Club Cala is inside the Palmas del Mar  complex. It's on the east part of the island. About 1 hour from San Juan and it's very convenient to The El yunke Rain Forest, the fluorecent bay and to explore the east area. For more info about PR, check www.gotopuertorico.com


----------



## jqg1956 (Aug 4, 2011)

lprstn said:


> We just traded for June 2012 in Puerto Rico at the Royal Holiday Club Cala - 2br Does anyone know something about this resort?



We own a winter week at Club Cala - while not a 5-star resort, it is very comfortable - good amount of living space - full (small) kitchen to prepare a range of meals, convenient to attractions (you need a car) and local restaurants (as well as supermarkets), beach is a few steps away, 2 pools, harbor view units have balconies overlooking the marina.   We find it a good value.  Enjoy


----------



## dundey (Aug 10, 2011)

We been to PR 3 times.  Out of the places we've stayed El Conquistador Resort was by far the nicest.  Private island with great beaches can not be beat!

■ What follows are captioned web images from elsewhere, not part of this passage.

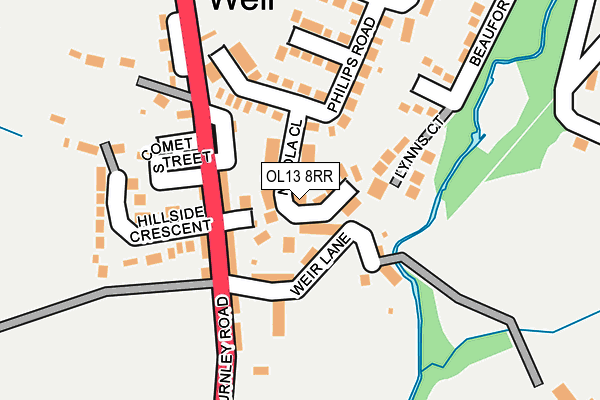 OL13 8RR map - OS OpenMap – Local (Ordnance Survey)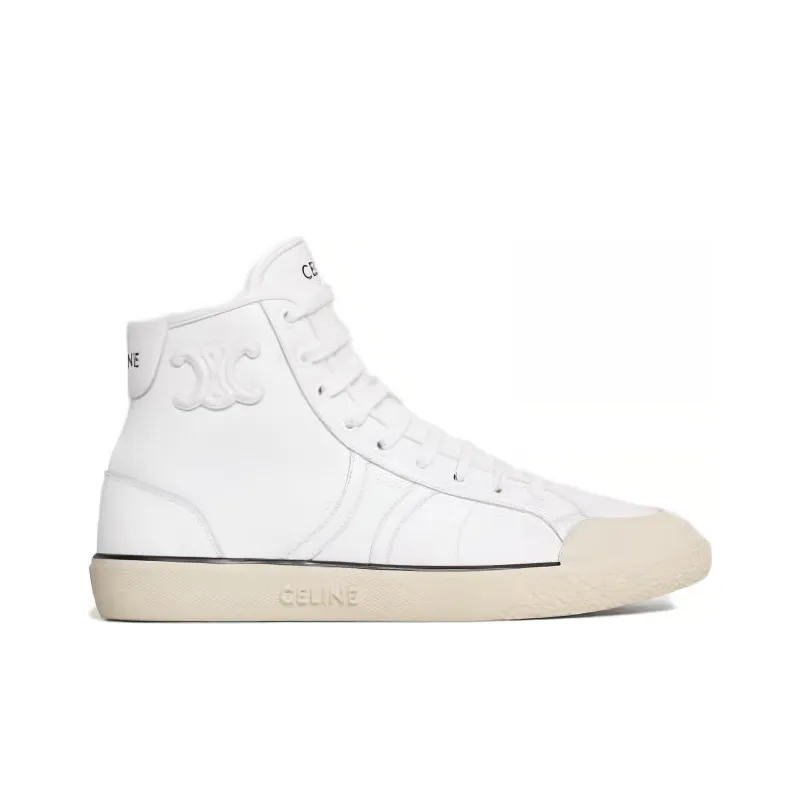 CELINE Triomphe High Top Skateboard Shoes Women's White-1
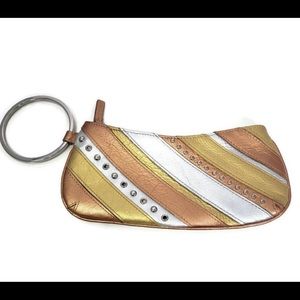 Fossil Wristlet Purse Metallic Studded Leather.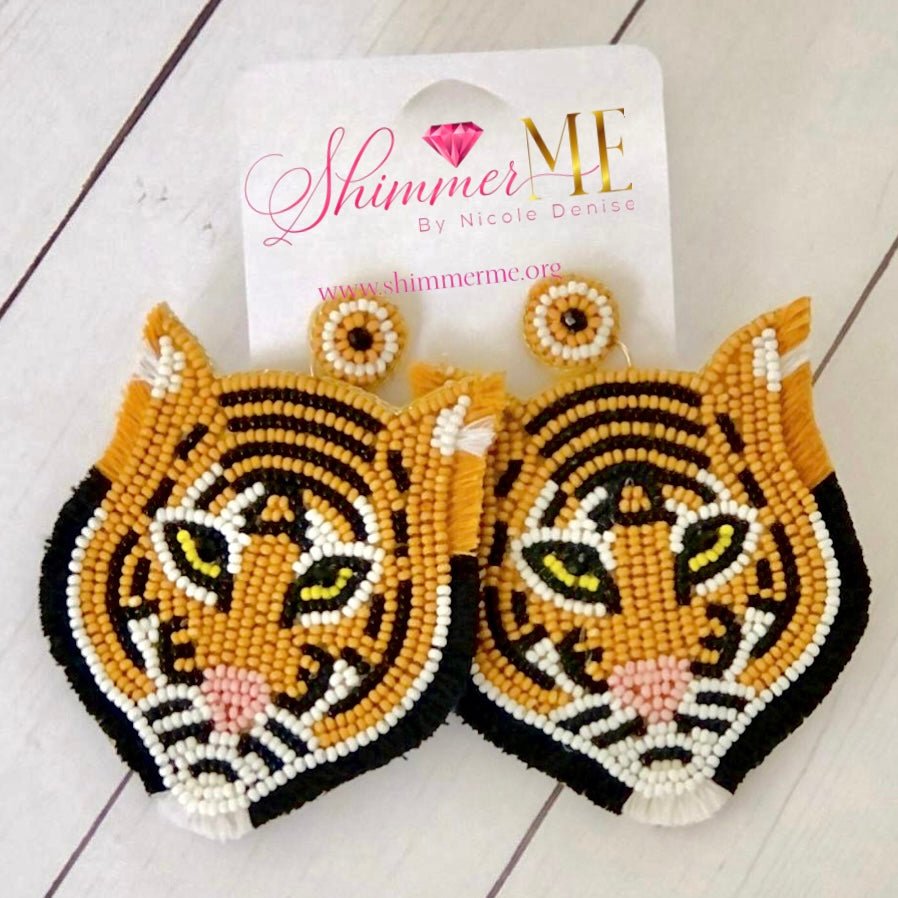 Beaded Tiger Earrings - Shimmer Me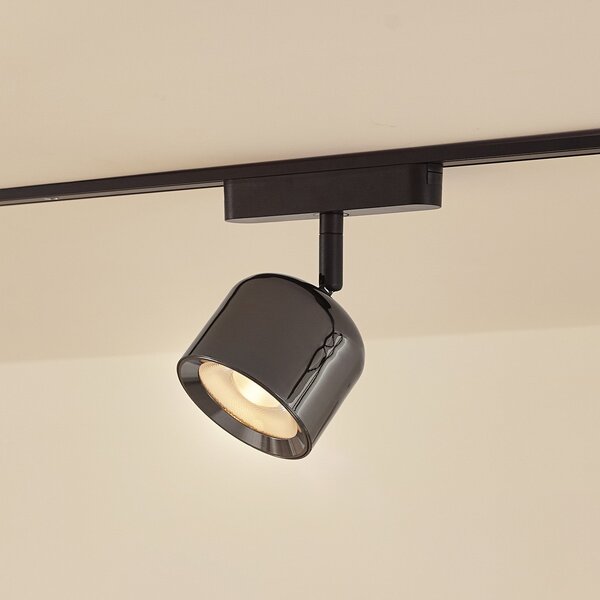 Lindby LED točka 48 V Lumaro, siva, Ø 8,2 cm, aluminij, prigušiva, prigušiva, Sivo, Dnevni boravak/blagovaonica, Aluminij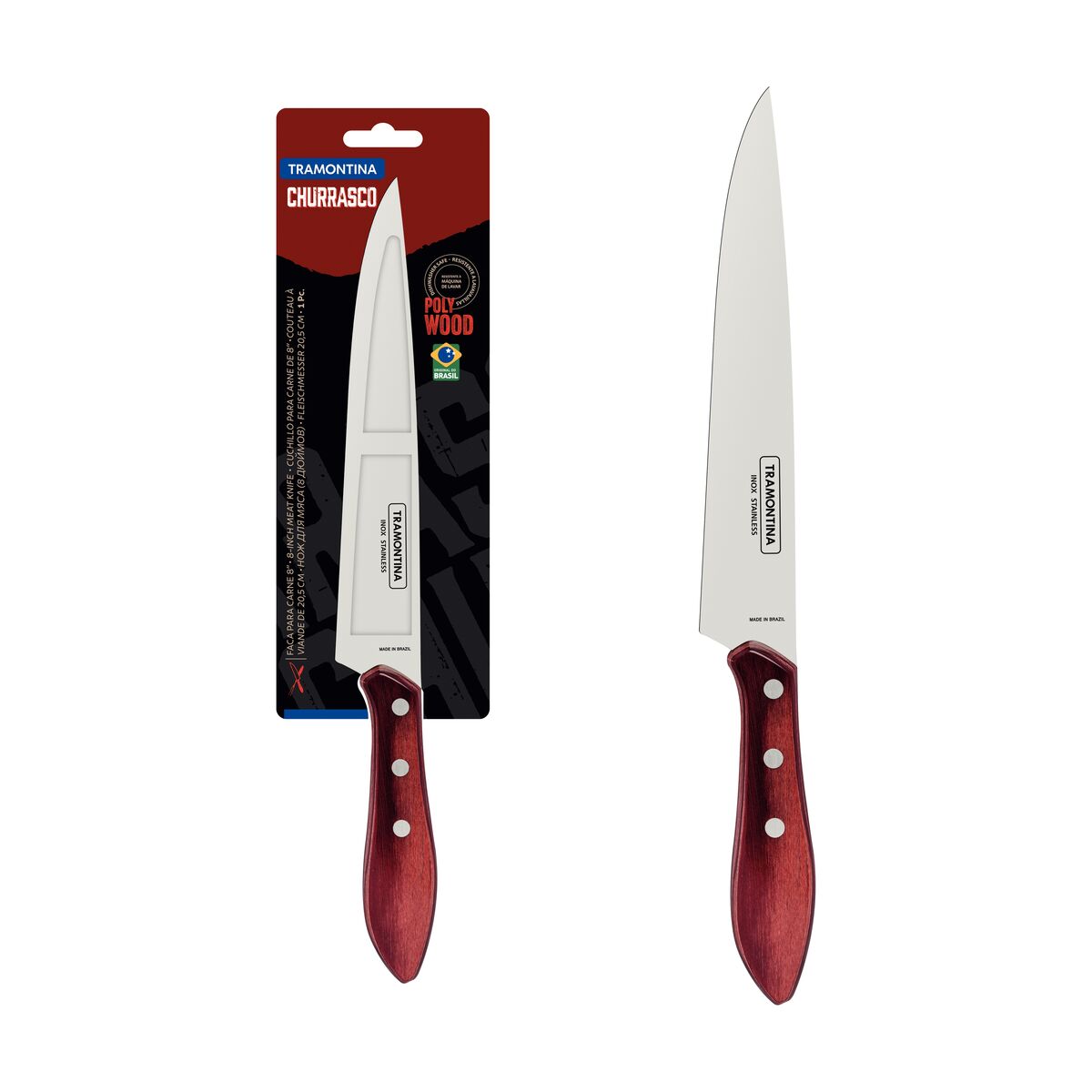 Faca para Carne Tramontina Polywood com Lâmina em Aço Inox e Cabo de Madeira Tratada Polywood Vermelho 8"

It is pricey, and for a less expensive alternative, try Ponce.  It is a great old downtown and the ocean front Hilton is very nice and typically reasonable.


----------



## blueparrot (Aug 17, 2011)

The best combination is a beach that is close to Old San Juan.  We really loved the old town, and the beach is always a plus, too.  ESJ Towers, an II resort, is the timeshare coming closest to combining both.


----------